— Да так, просто набрала твой номер, проверить, дома ты или нет.
— Я ведь в это время не бываю дома.
— Где же ты сейчас?
— Дома.
— Ага, значит, бываешь! Что же ты не пошел на занятия?
— Нет настроения.
— Что? Нет настроения? Почему?
— Да так. Поздно проснулся, смотрю, денек — чудо, стало жалко забираться в темную аудиторию…

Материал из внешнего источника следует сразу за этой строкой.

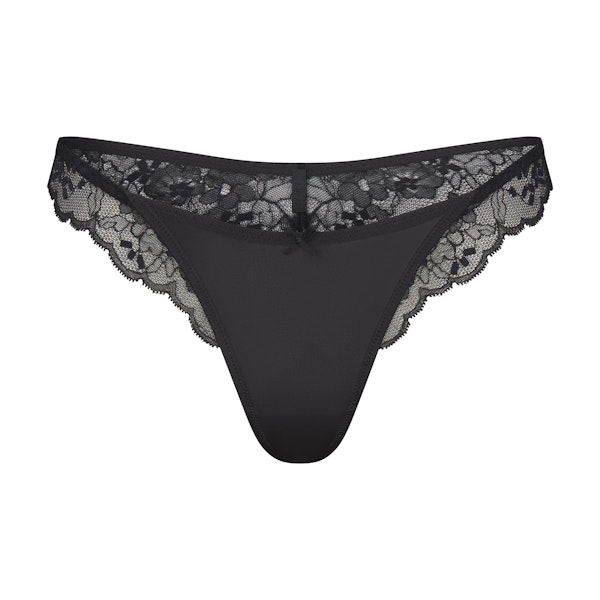 SKIMS LACE THONG | ONYX FLAT ON A WHITE BACKGROUND | FLT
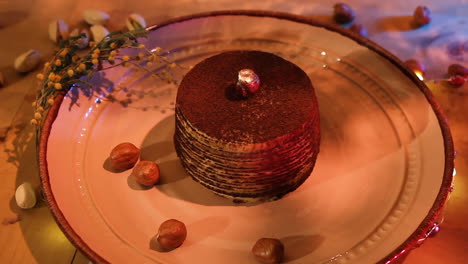 plate of chocolate crepe cake with pistachio on the party table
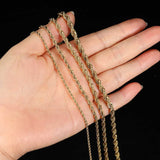 Gold 3mm rope chain necklace on model's neck, front angle
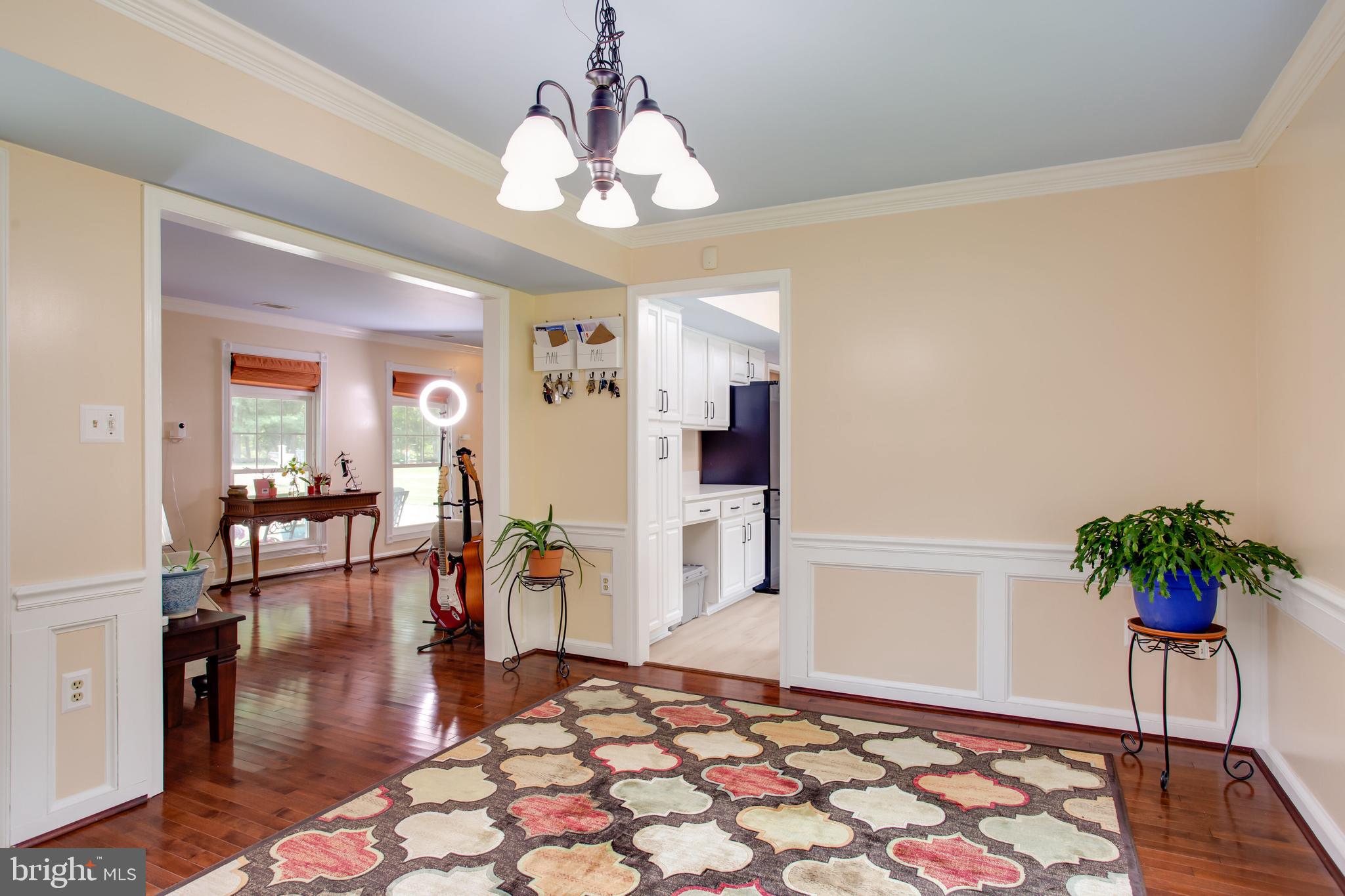 2904 Eutaw Forest Drive Waldorf, MD 20603 - Photo 24 of 59 a living room with furniture and a chandelier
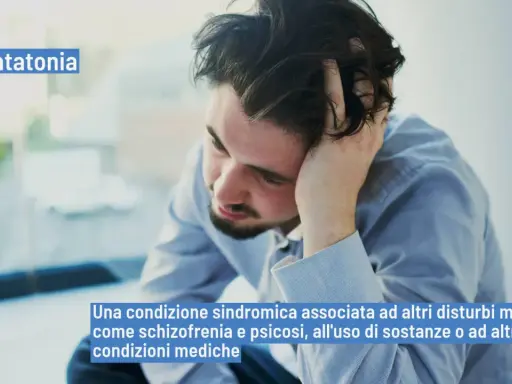 Uomo con mano tra i capelli, con testo "Catatonia" e la sua definizione. Il catatonia significato è una condizione sindromica.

— Что-то раньше ты никогда не вспоминал про хорошую погоду и про то, когда встал. Скажи честно, отчего ты пропустил занятия?
— Клянусь тебе, просто так. Вот собирался побриться и позвонить тебе.
— Так я тебе и поверила!
— Клянусь богом, правда! Если хочешь знать, думал пригласить тебя пообедать.
— Что же ты раньше не позвонил?
— Раньше?.. Думал, тебе некогда…
— Мне? Это тебе было некогда! С кем это ты разговаривал?
— Ни с кем я не разговаривал.
— А почему телефон был занят? Сколько раз набирала — все занято!
— А, это я с Парвизом.
— Столько времени с Парвизом?
— Да, я позвонил узнать, как он живет, он звал меня пообедать…
— Да ладно тебе!
— Слово даю, я еще сказал ему, что мне неохота. Слушай, ты в обед что будешь делать?
— Ничего.
— Давай встретимся!
— Нет.
— Почему? Ну почему нет?
— Раньше надо было говорить.
— Какая разница? А я сейчас говорю.
— Конечно, сначала всех обзвонил, наговорился вдоволь, а теперь меня приглашаешь? И то, когда я сама позвонила…
— Ну не капризничай, прошу тебя!
— Ах, ты просишь!..
— Значит, ты согласна, да? Давай пообедаем, а потом сходим в кино, ладно?
— Не могу.
— Почему?
— Вечером ко мне сестра придет.
— В котором часу?
— Часов в пять-полшестого.
— К этому времени ты дома будешь. Ну, договорились? Придешь?
— Ладно, приду.
— Мерси!
— А что мне надеть?
— Тот зеленоватый плащ, как фисташечка.
— Опять его?..
— Что поделаешь — очень он тебе идет.
— Ну хорошо, когда?
— Полдвенадцатого.
— Где?
— В кафе «Атлас».
— Не вздумай заставлять меня ждать!
— Себе это скажи… До свидания!
Он положил трубку и продолжал бриться.
Когда они вышли из кафе, был час дня. Воздух был теплым, солнце сияло так же, как с утра. Они держались за руки. К. сказал:
— До начала сеанса время есть, давай немного пройдемся.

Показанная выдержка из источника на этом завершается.